## Task to carry out
Your job is to give again, exactly and with no additions, the lines in the records below from the one with "Alma Secret Firming" through the one with "Adidas AdiZero Tempo", both included. Omit the pictures.

## Material for this task

★ ★ ★ ★ ★ ★ ★

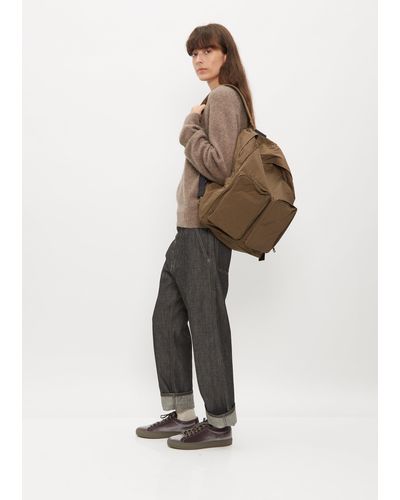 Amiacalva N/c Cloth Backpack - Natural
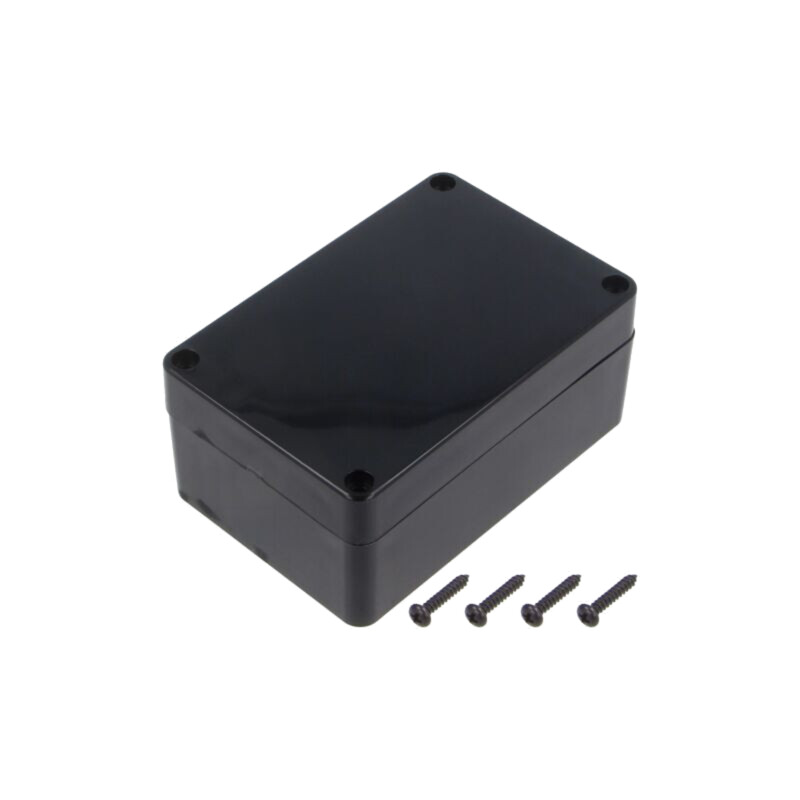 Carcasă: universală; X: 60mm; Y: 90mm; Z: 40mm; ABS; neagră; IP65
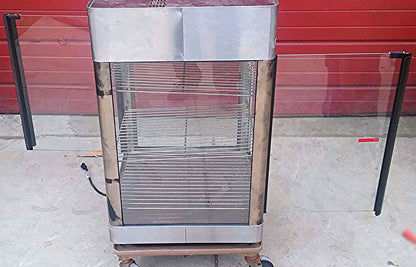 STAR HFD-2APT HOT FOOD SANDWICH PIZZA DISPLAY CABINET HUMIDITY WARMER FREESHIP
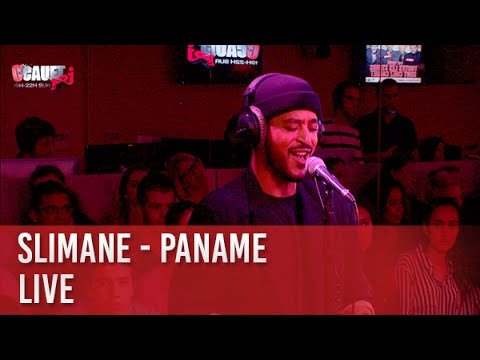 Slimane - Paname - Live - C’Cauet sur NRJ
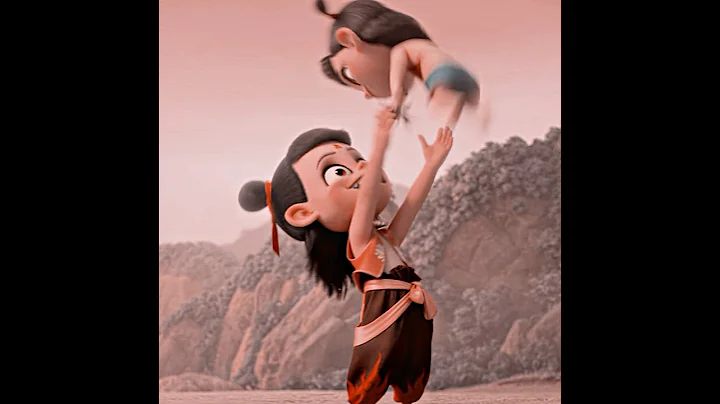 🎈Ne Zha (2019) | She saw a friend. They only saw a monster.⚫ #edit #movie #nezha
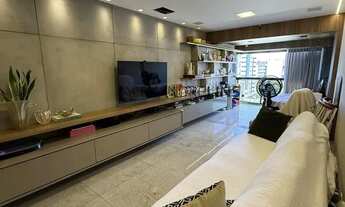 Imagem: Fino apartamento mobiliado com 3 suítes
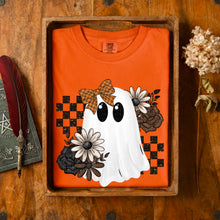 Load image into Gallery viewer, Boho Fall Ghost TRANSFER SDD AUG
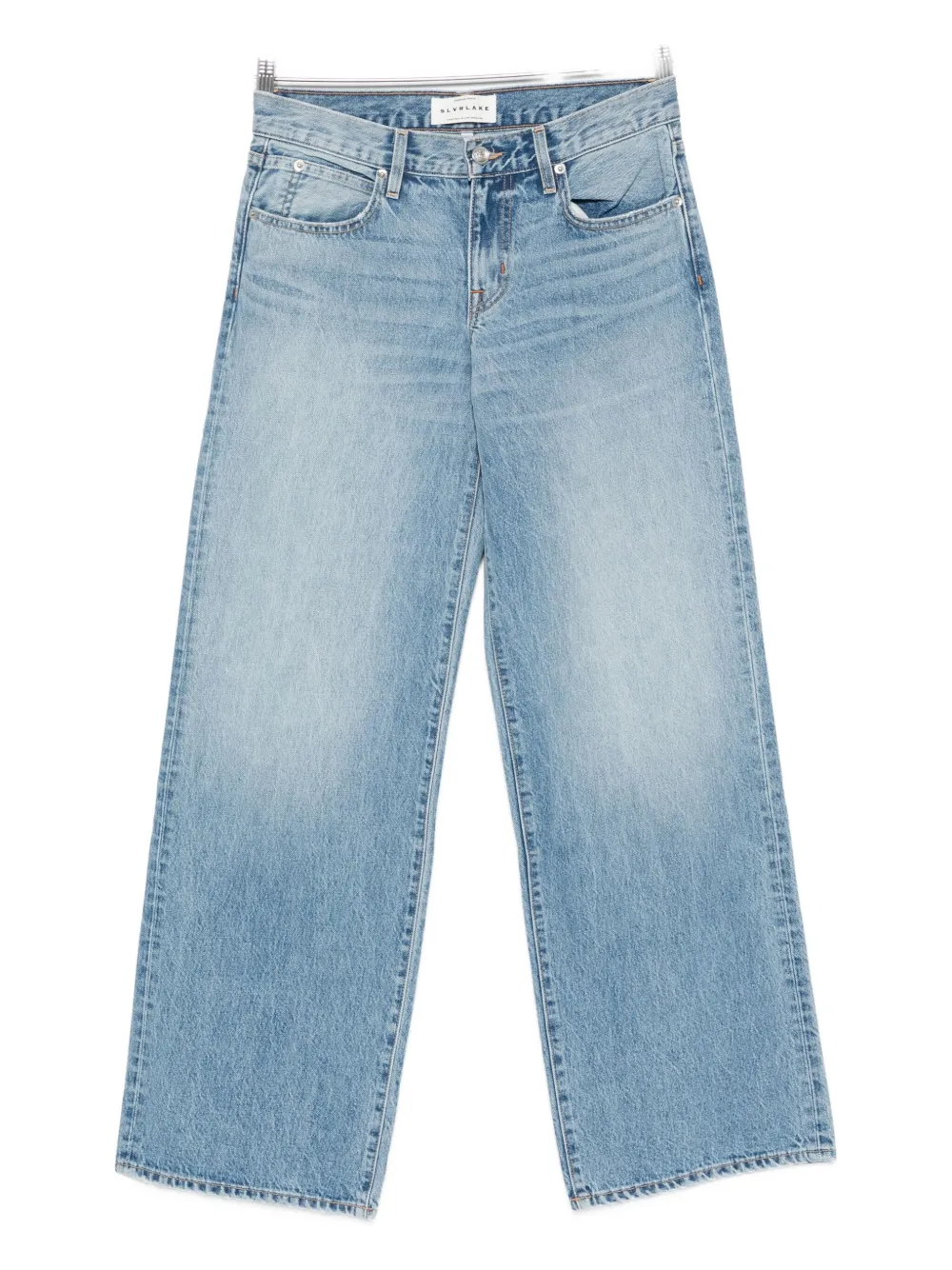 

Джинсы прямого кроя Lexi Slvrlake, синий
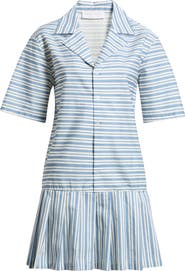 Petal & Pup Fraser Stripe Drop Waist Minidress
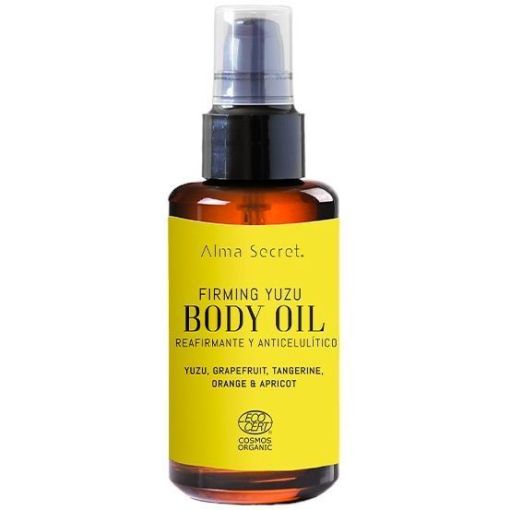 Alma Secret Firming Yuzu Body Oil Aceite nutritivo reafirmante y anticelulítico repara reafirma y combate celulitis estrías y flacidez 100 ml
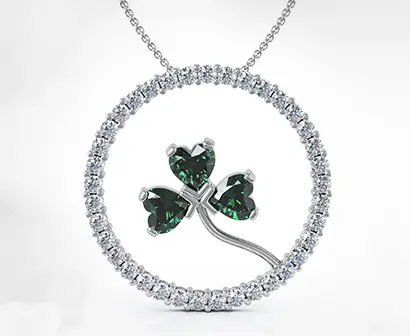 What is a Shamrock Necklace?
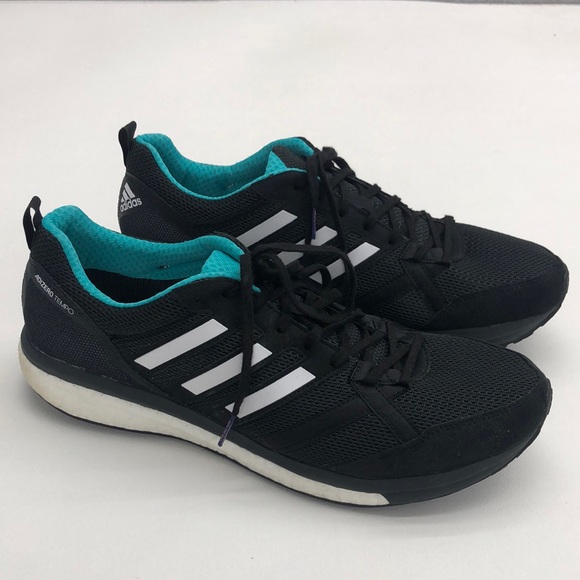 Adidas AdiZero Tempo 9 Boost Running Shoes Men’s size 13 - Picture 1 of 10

★ ★ ★ ★ ★ ★ ★

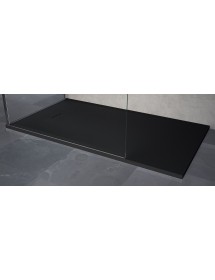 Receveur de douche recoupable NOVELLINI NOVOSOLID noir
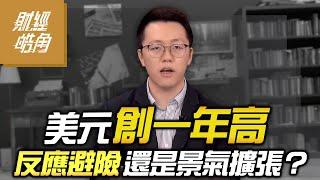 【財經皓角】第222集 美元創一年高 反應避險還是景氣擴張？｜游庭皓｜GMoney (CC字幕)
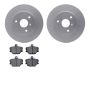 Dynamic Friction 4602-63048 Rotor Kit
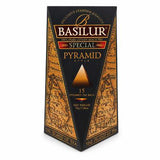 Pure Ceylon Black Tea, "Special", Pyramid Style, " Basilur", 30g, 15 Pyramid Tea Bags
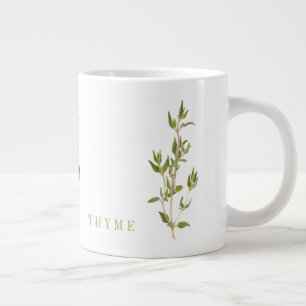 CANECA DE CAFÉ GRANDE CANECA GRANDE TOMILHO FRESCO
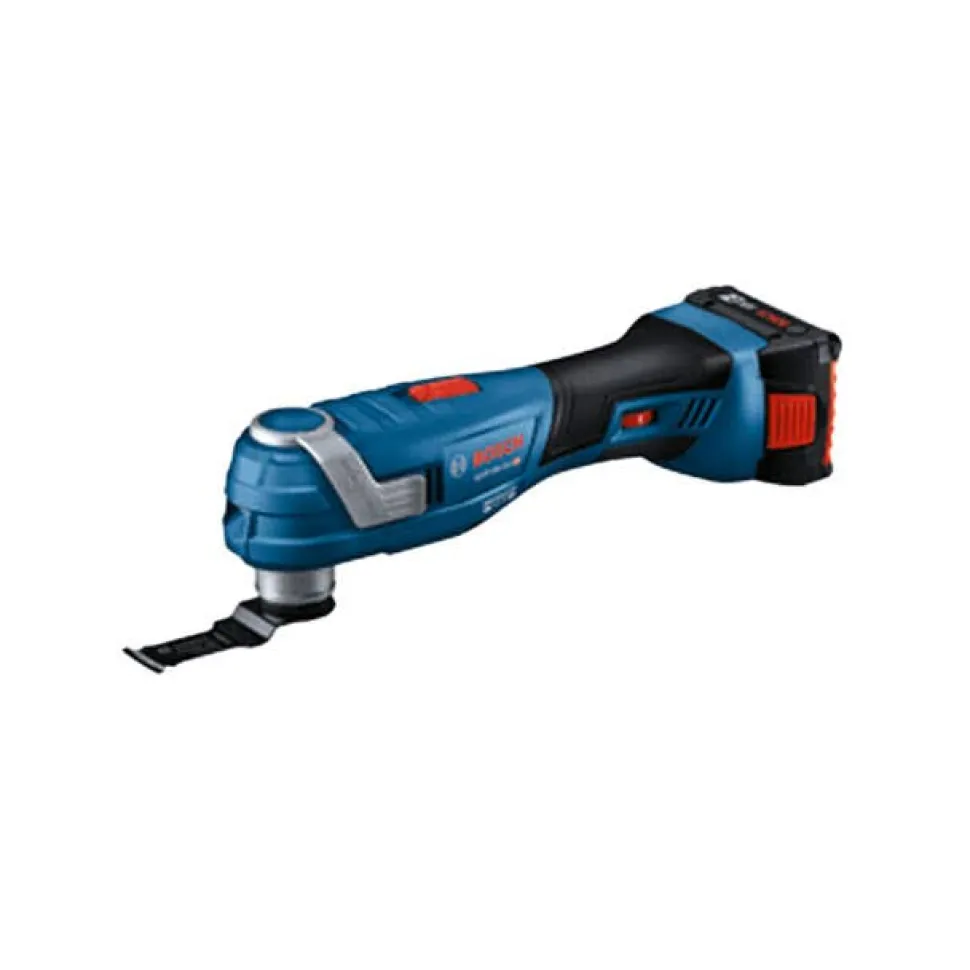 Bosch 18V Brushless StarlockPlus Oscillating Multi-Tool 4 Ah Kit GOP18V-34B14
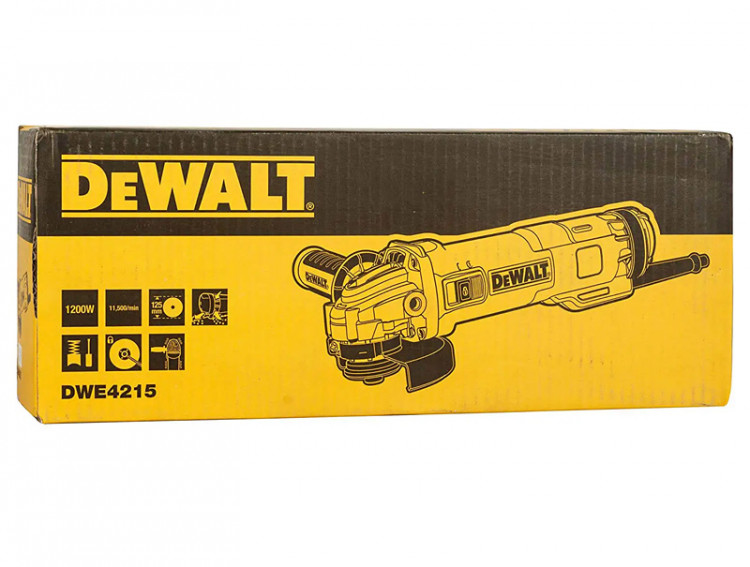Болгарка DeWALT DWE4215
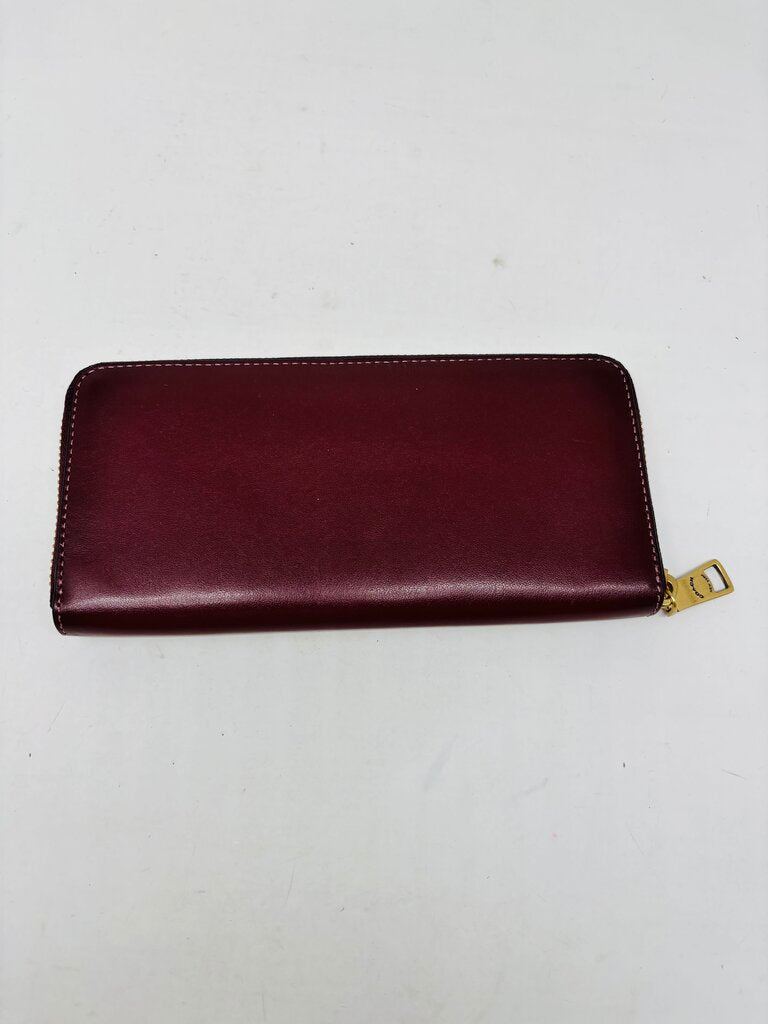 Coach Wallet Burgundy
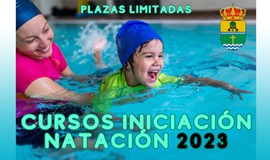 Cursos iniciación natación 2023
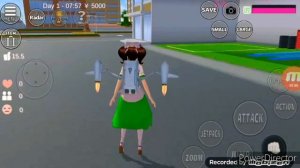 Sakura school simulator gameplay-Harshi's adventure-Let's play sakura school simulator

★ ★ ★ ★ ★ ★ ★

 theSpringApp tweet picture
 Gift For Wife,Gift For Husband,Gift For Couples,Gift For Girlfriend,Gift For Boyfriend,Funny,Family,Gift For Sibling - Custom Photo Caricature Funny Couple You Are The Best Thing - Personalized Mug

★ ★ ★ ★ ★ ★ ★

## Problem solution
 Alma Secret Firming Yuzu Body Oil Aceite nutritivo reafirmante y anticelulítico repara reafirma y combate celulitis estrías y flacidez 100 ml
 What is a Shamrock Necklace?
 Adidas AdiZero Tempo 9 Boost Running Shoes Men’s size 13 - Picture 1 of 10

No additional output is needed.